%%

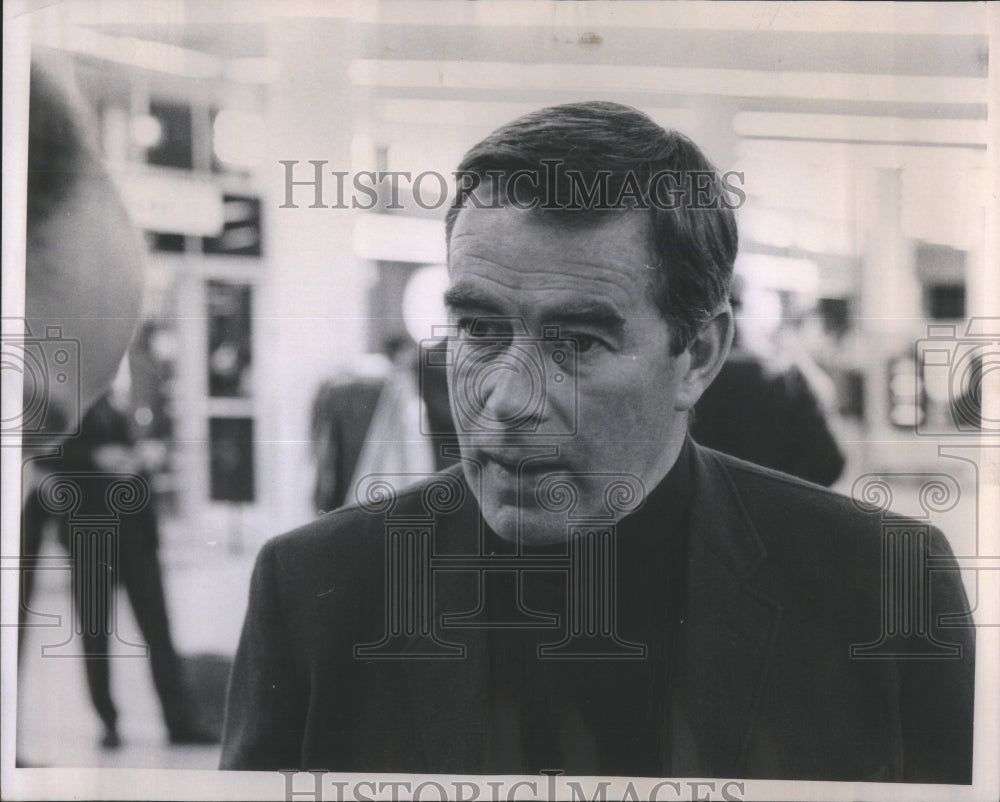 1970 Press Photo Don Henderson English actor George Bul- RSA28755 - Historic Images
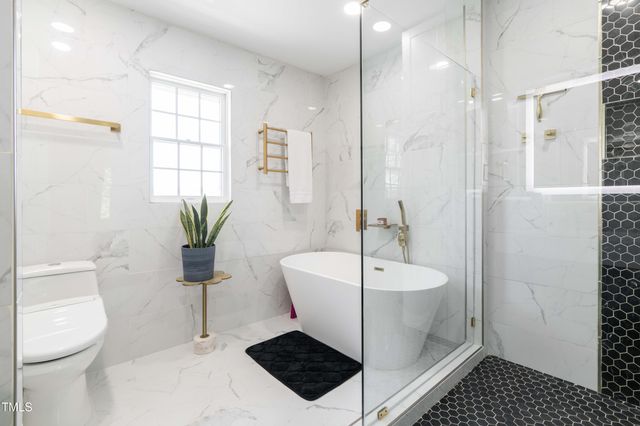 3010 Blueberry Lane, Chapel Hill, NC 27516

%%
%%

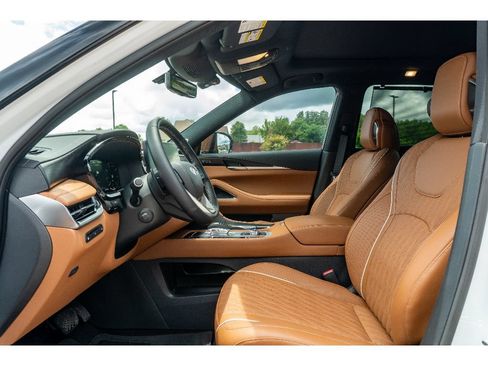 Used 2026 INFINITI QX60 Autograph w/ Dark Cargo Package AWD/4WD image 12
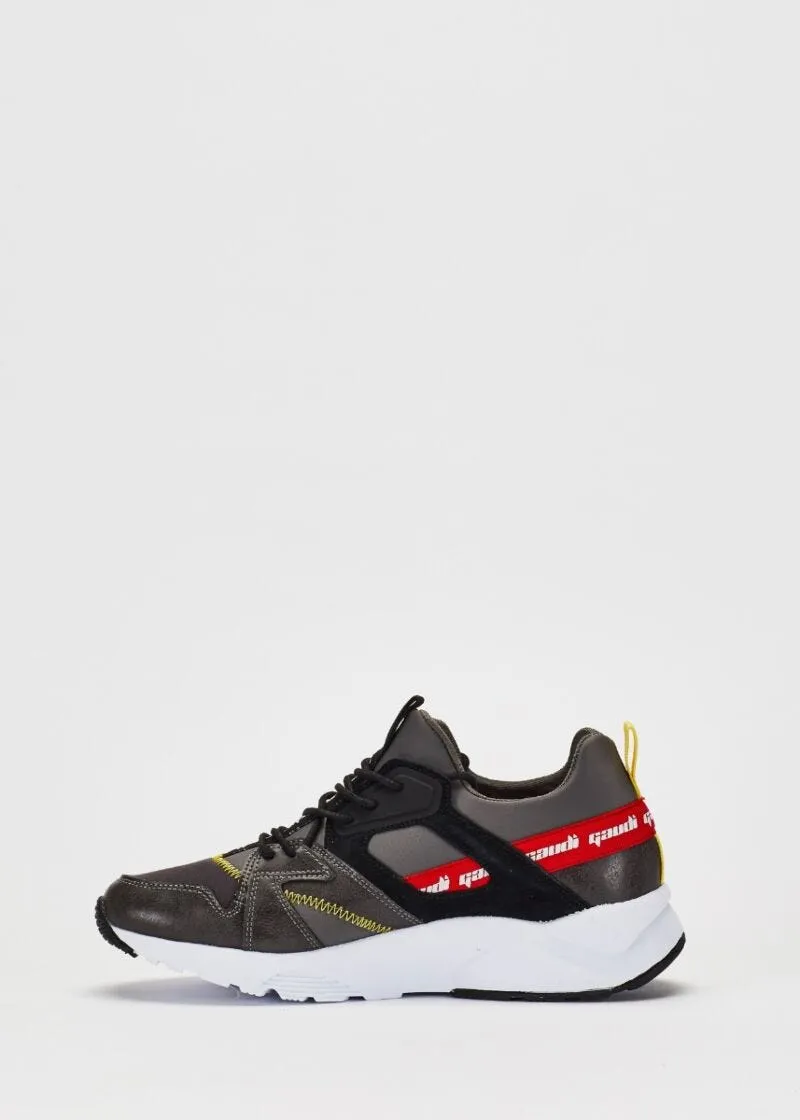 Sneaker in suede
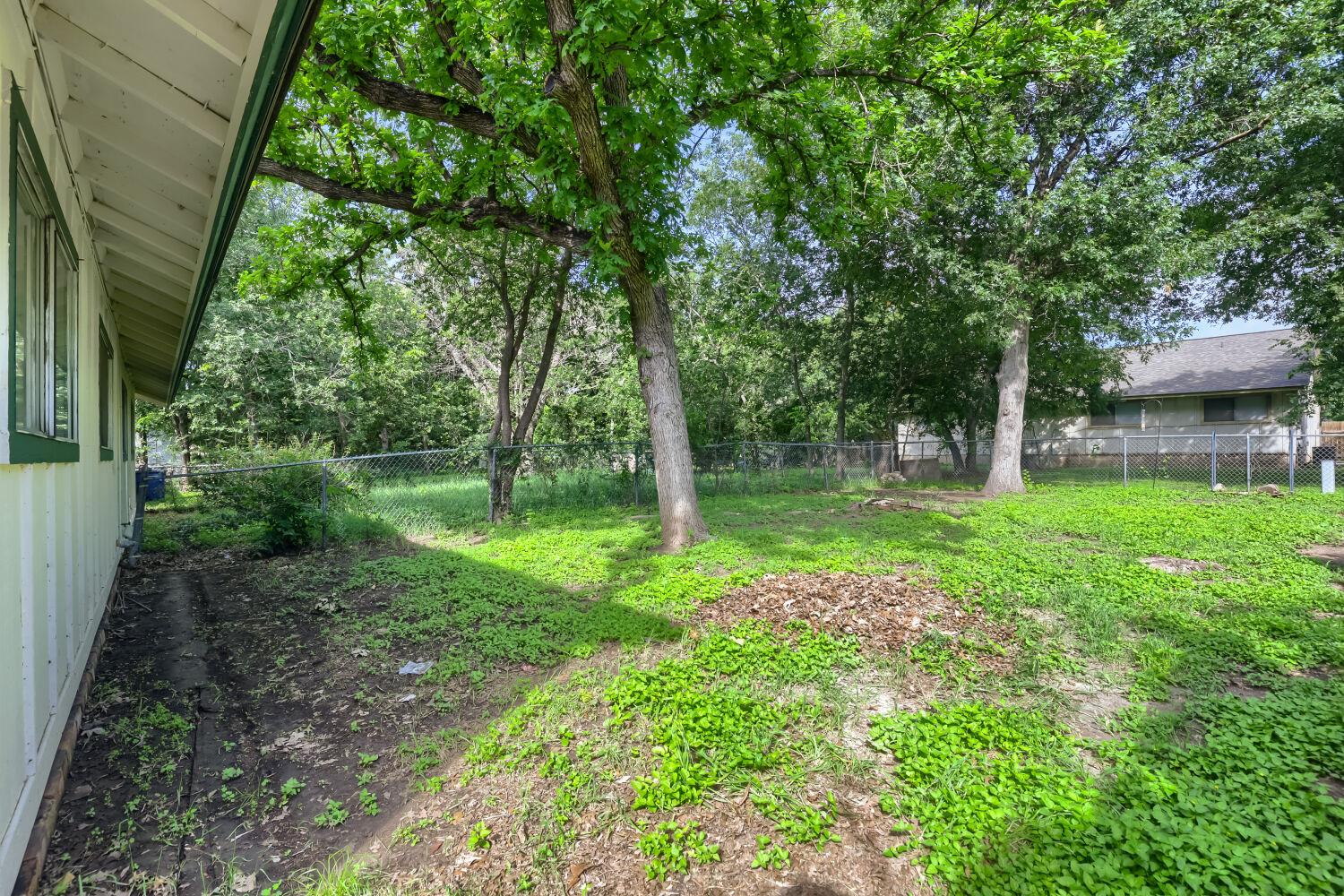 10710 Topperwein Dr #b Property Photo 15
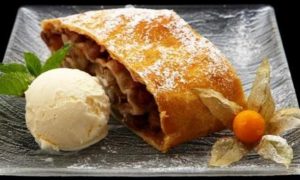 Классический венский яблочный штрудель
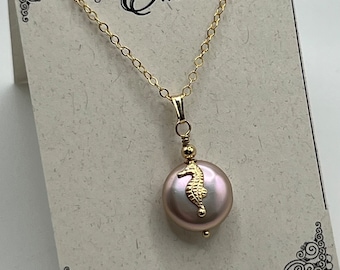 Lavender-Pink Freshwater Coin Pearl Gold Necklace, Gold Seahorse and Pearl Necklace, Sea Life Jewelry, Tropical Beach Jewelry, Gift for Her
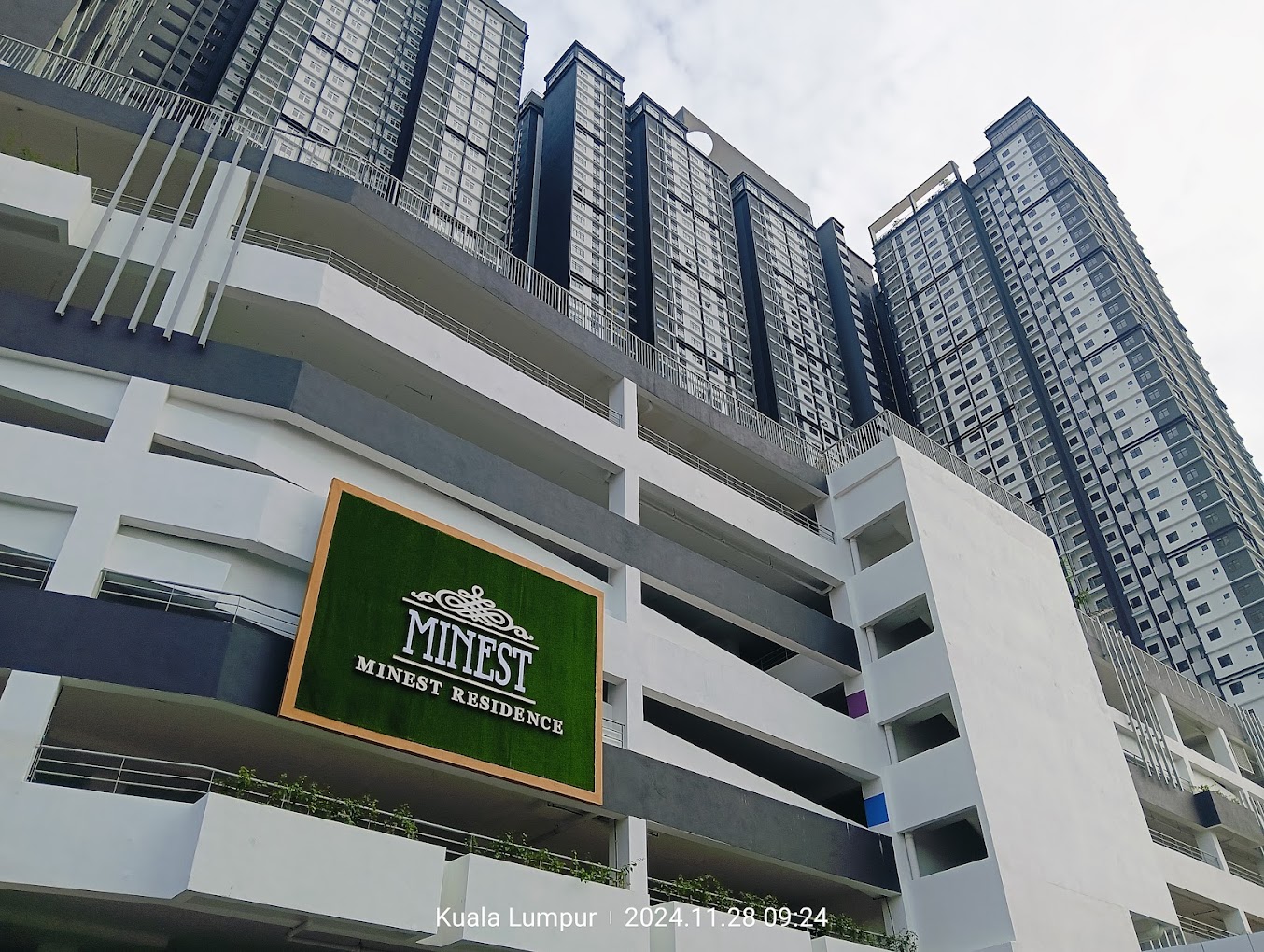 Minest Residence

%%
%%

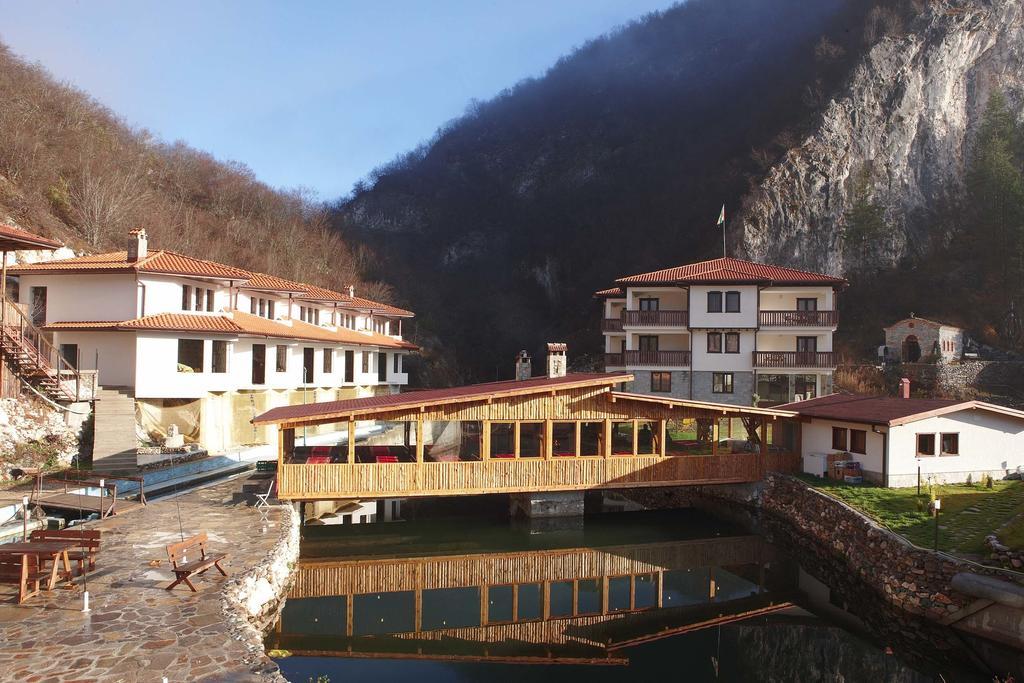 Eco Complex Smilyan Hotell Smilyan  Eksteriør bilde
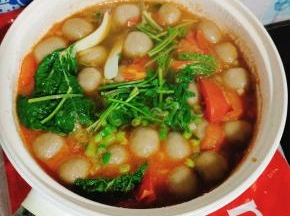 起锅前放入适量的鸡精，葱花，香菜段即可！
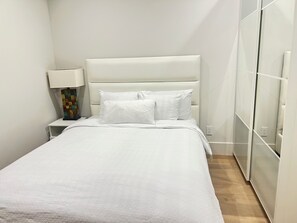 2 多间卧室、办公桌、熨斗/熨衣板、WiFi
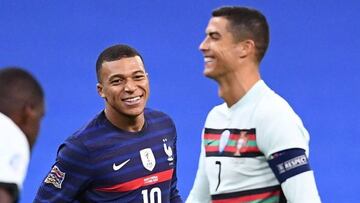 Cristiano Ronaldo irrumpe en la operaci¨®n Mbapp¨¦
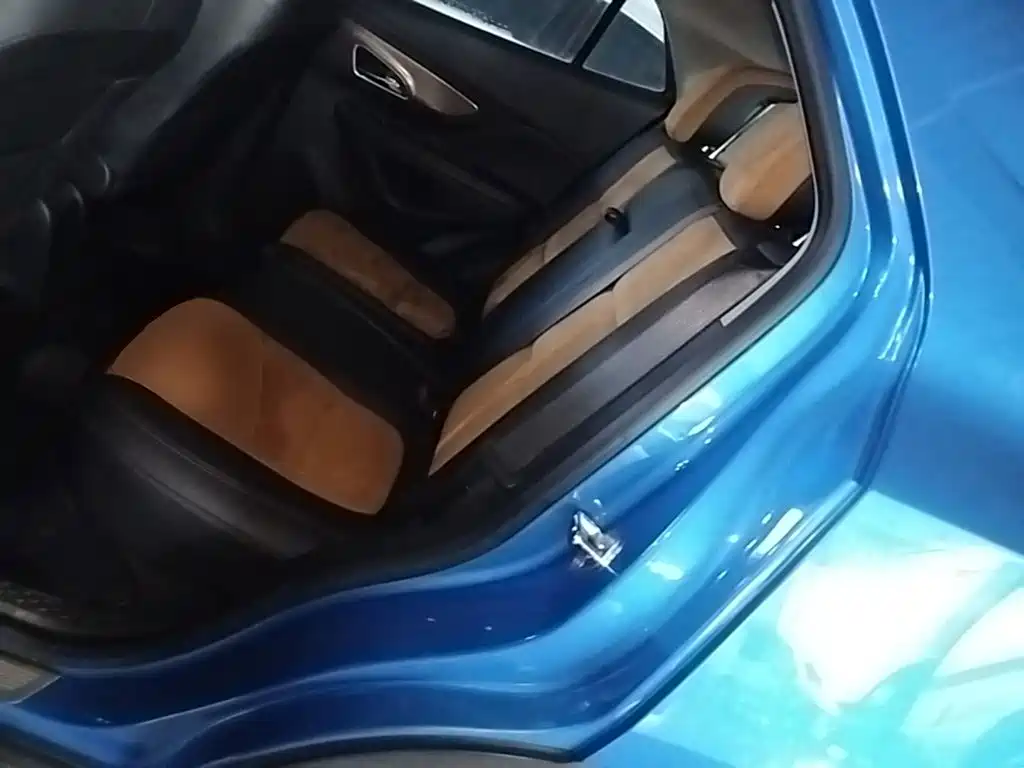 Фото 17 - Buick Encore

%%

Exercise objective
Set down again, word for word, every line from the one with "2 多间卧室、办公桌、熨斗/熨衣板、WiFi" to the one with "Фото 17 - Buick Encore" in the entries above, and omit the pictures.

Response
 2 多间卧室、办公桌、熨斗/熨衣板、WiFi
 Cristiano Ronaldo irrumpe en la operaci¨®n Mbapp¨¦
 Фото 17 - Buick Encore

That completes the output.